Ia pun menyarankan formula yang bisa diterapkan pemerintah untuk membendung dampak pergerakan harga minyak mentah dunia terhadap besaran subsidi, yaitu dengan memanfaatkan mekanisme fiskal.
Mekanisme fiskal yang ia maksud adalah dengan menyesuaikan pelaksanaan pungutan Pajak Pertambahan Nilai (PPN) terhadap konsumsi BBM.
“Jika harga minyak dunia sedang tinggi-tingginya, pemerintah bisa memungut PPN 11% dari BBM subsidi yang dijual di pasar. Tapi, ketika harga minyak mentah turun, pungutan PPN ditiadakan,” jelas Faisal.
Adapun, Badan Pengatur Hilir Minyak dan Gas Bumi (BPH Migas) menemukan sejumlah masalah yang menyebabkan bahan bakar minyak bersubsidi atau BBM subsidi tak tepat sasaran atau dinikmati masyarakat mampu.

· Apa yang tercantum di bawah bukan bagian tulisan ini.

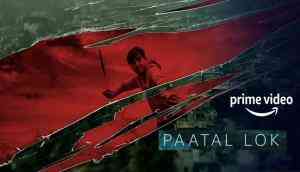 Paatal lok discount web series online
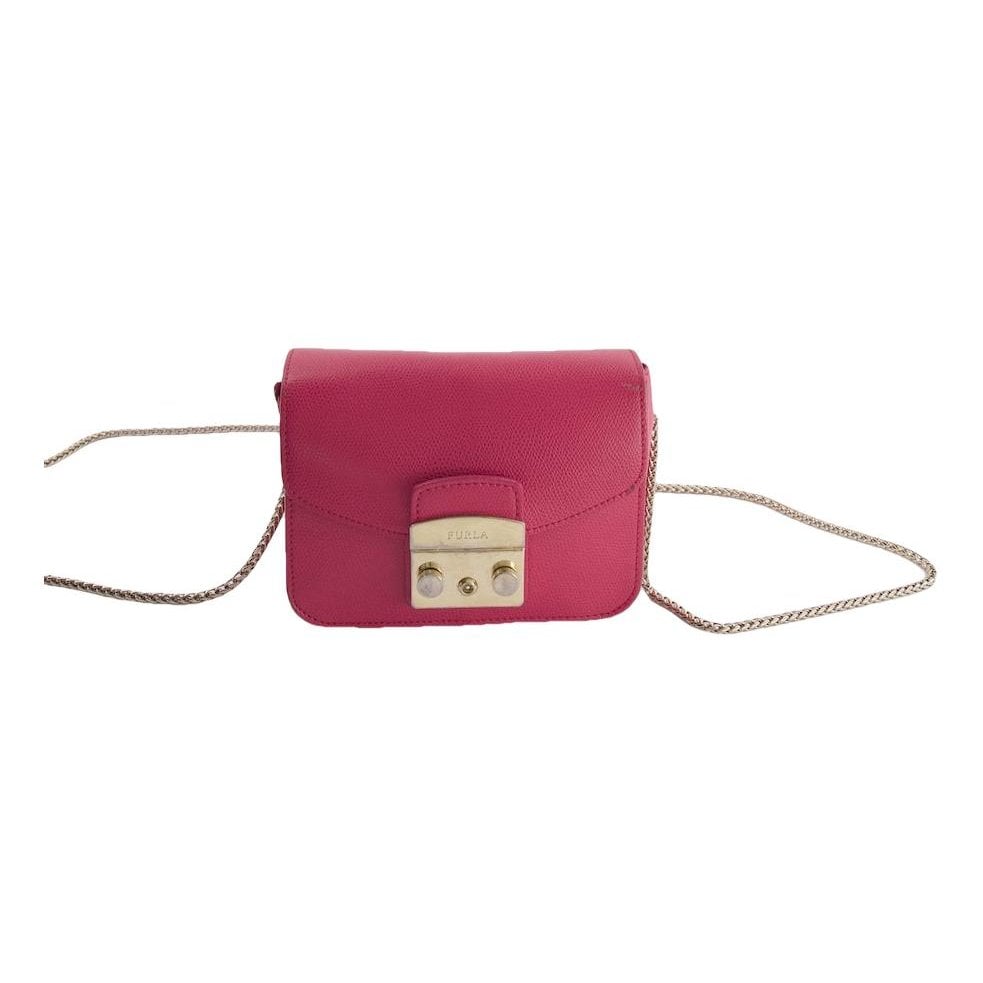 Furla Leather crossbody bag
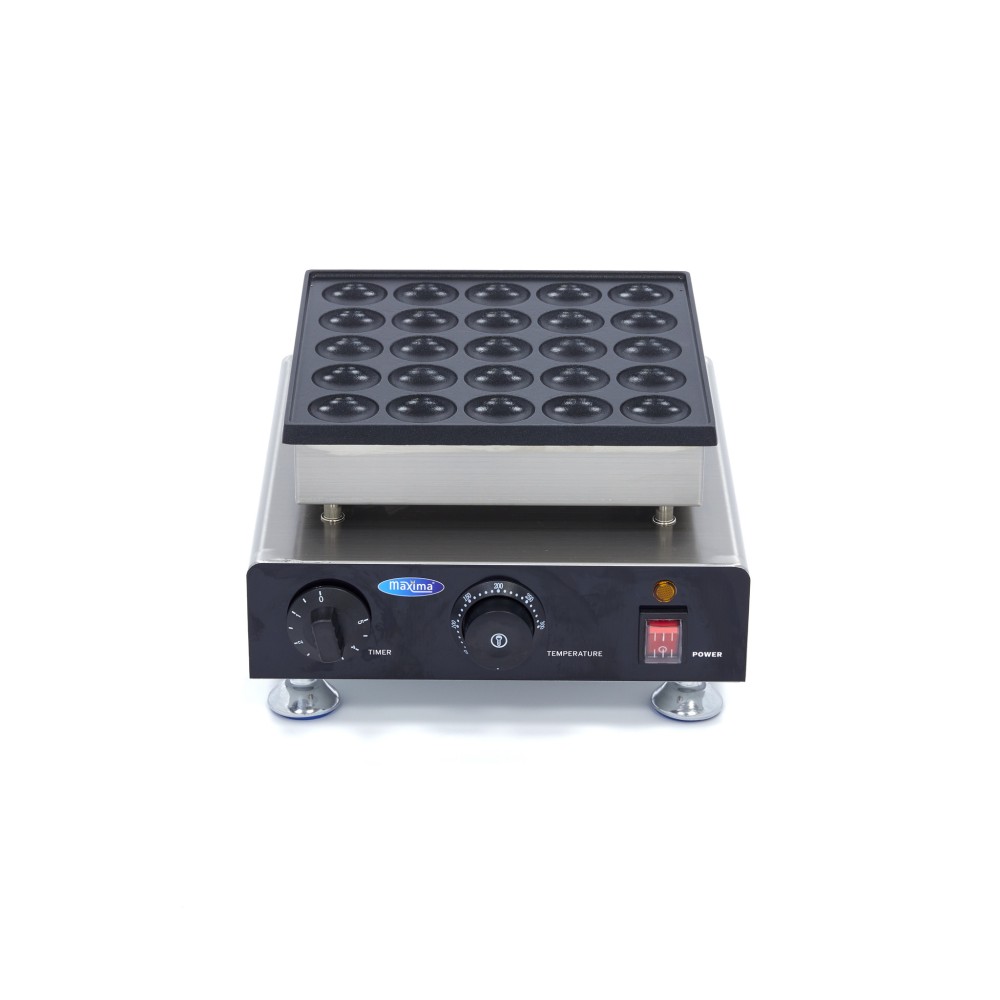 Mini Pancake Maker - 25 pieces - Ø4,5cm Each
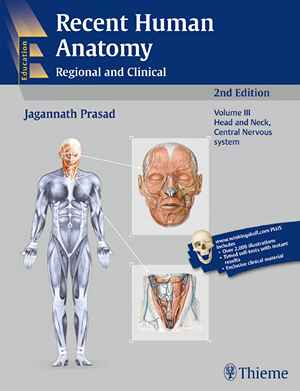 Recent Human Anatomy 2nd Edition Vol-3
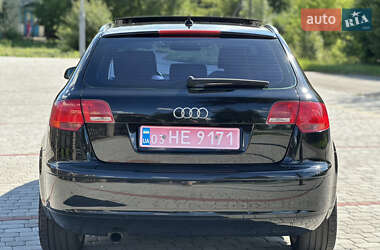 Хэтчбек Audi A3 Sportback 2005 в 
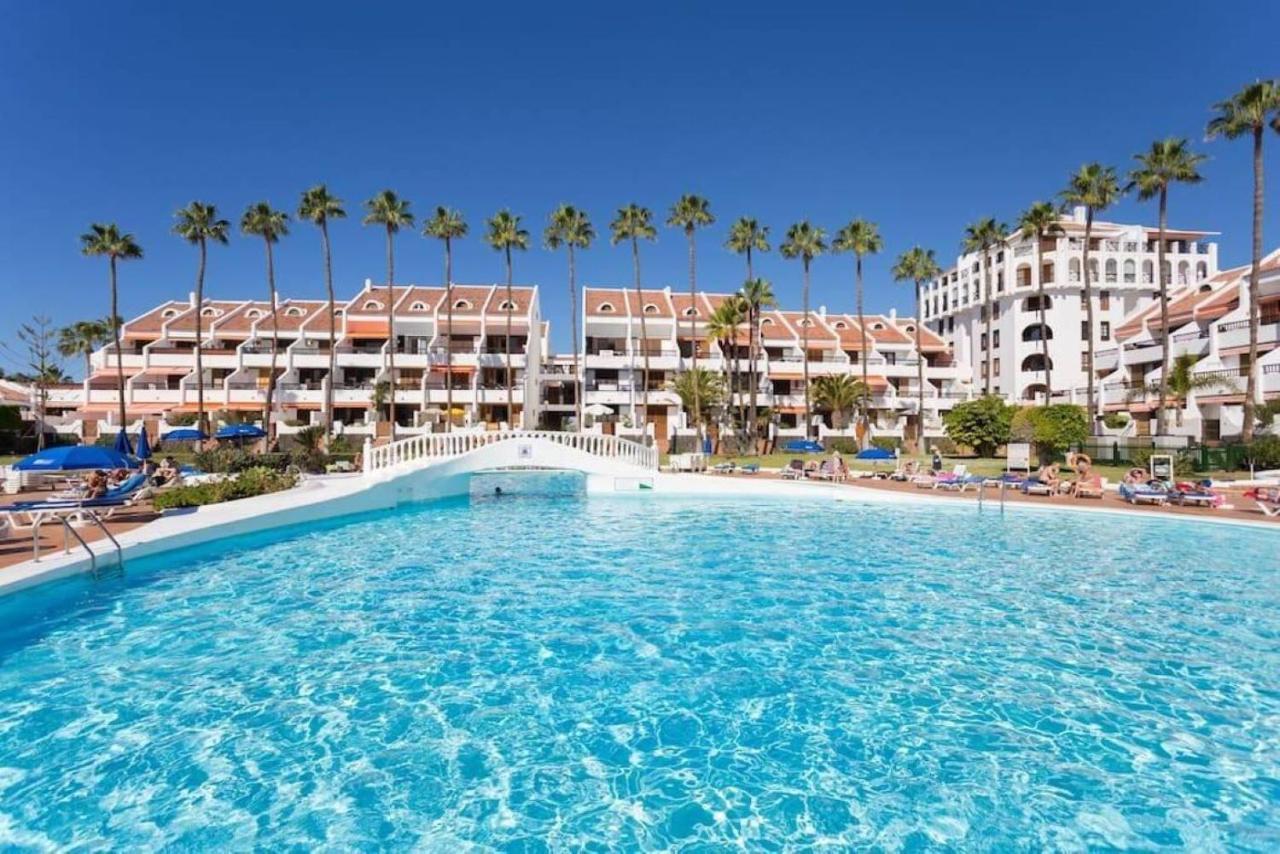Parque Santiago 2 En Playa De Las Americas アロナ エクステリア 写真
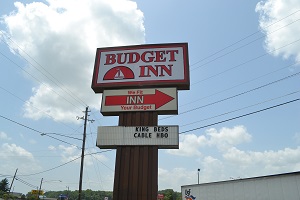 Hotel BUDGET INN ROXBORO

Direktur BBM BPH Migas Patuan Alfon mengatakan, dari hasil pemantauan BPH Migas selama ini, kebanyakan penyelewengan penyaluran BBM bersubsidi yang terjadi dalam bentuk penimbunan.

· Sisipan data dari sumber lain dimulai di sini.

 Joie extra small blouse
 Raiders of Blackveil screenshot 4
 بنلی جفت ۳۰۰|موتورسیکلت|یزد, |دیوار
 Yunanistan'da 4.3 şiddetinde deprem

“Ya memang kebanyakan itu ditimbun dan dilarikan ke konsumen-konsumen yang tidak berhak,” kata Patuan.
Pemerintah, lanjutnya, harus membenahi skema penyaluran BBM bersubsidi supaya tidak terus salah sasaran. Caranya ialah dengan membuat landasan hukum baru yang mendetilkan jenis kendaraan apa saja yang benar-benar bisa menikmati BBM bersubsidi seperti jenis pertalite dan solar.
“Selama ini Peraturan Presiden Nomor 191 Tahun 2014 tentang Penyediaan, Pendistribusian dan Harga Jual Eceran BBM tidak dilengkapi apa saja kendaraan yang dibatasi bisa menggunakan BBM bersubsidi,” ujarnya.
Sebelumnya, Menteri Keuangan Sri Mulyani Indrawati menyatakan penyaluran BBM bersubsidi selama ini tidak tepat sasaran. Untuk BBM jenis solar saja 89% dinikmati dunia usaha, dan hanya 11% dinikmati kalangan rumah tangga.
Namun, dari yang dinikmati rumah tangga itu ternyata 95% dinikmati rumah tangga mampu dan hanya 5% yang dinikmati rumah tangga miskin seperti petani dan nelayan.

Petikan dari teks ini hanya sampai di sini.